*SUPPLIED RECORDS:*
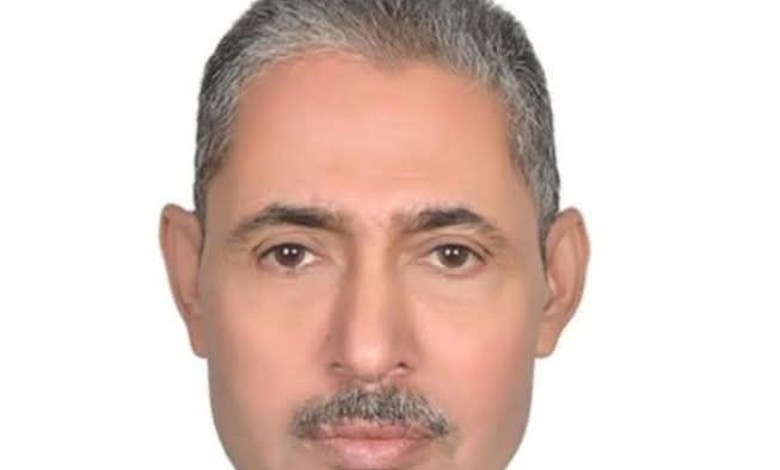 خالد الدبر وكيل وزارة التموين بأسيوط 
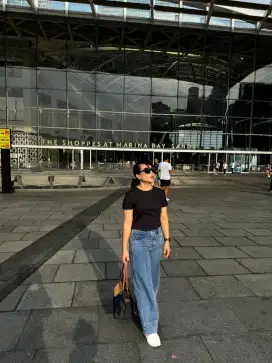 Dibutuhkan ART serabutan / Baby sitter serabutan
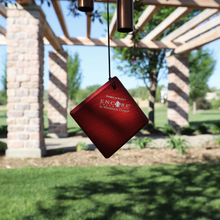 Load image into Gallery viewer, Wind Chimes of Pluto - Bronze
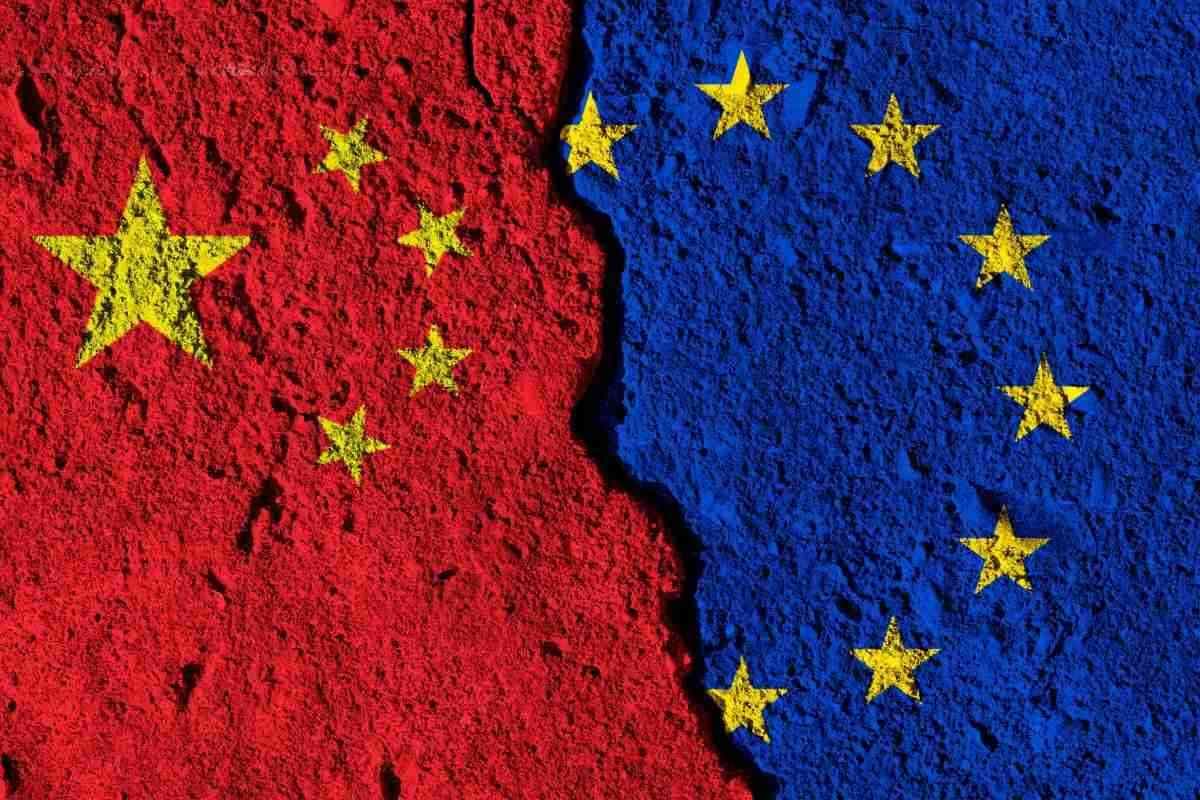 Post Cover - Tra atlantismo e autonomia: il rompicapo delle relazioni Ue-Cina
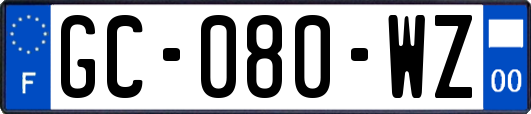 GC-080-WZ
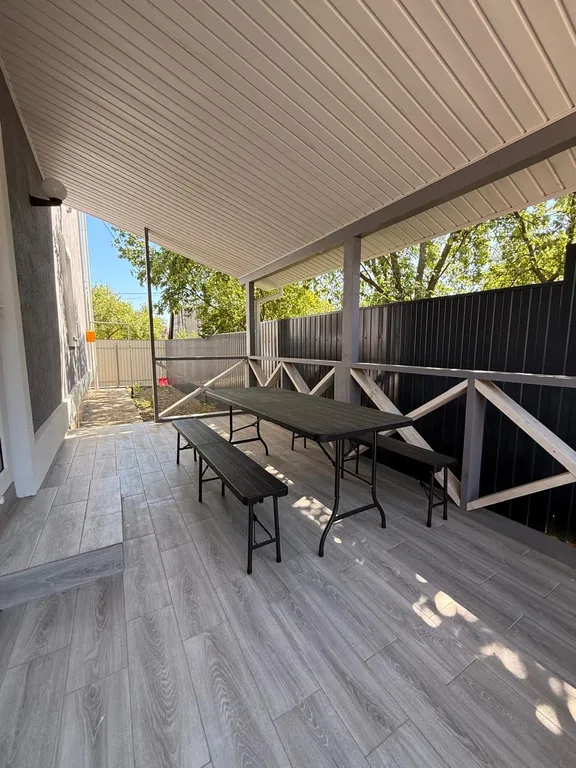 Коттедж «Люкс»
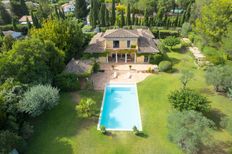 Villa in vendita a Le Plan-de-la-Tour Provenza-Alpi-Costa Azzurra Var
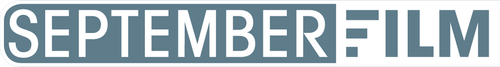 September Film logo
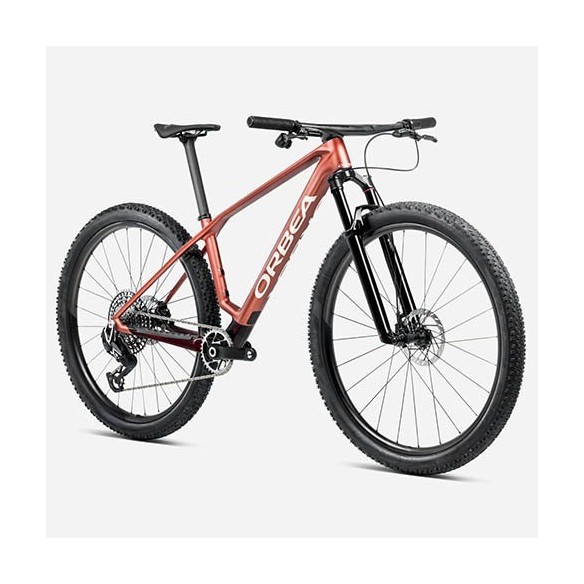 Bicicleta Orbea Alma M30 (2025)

*EXERCISE OBJECTIVE:* Print the data above in full and exactly as it appears, skipping the pictures.

*TASK RESULT:*
 خالد الدبر وكيل وزارة التموين بأسيوط 
 Dibutuhkan ART serabutan / Baby sitter serabutan
 Load image into Gallery viewer, Wind Chimes of Pluto - Bronze
 Post Cover - Tra atlantismo e autonomia: il rompicapo delle relazioni Ue-Cina
 GC-080-WZ
 Коттедж «Люкс»
 Villa in vendita a Le Plan-de-la-Tour Provenza-Alpi-Costa Azzurra Var
 September Film logo
 Bicicleta Orbea Alma M30 (2025)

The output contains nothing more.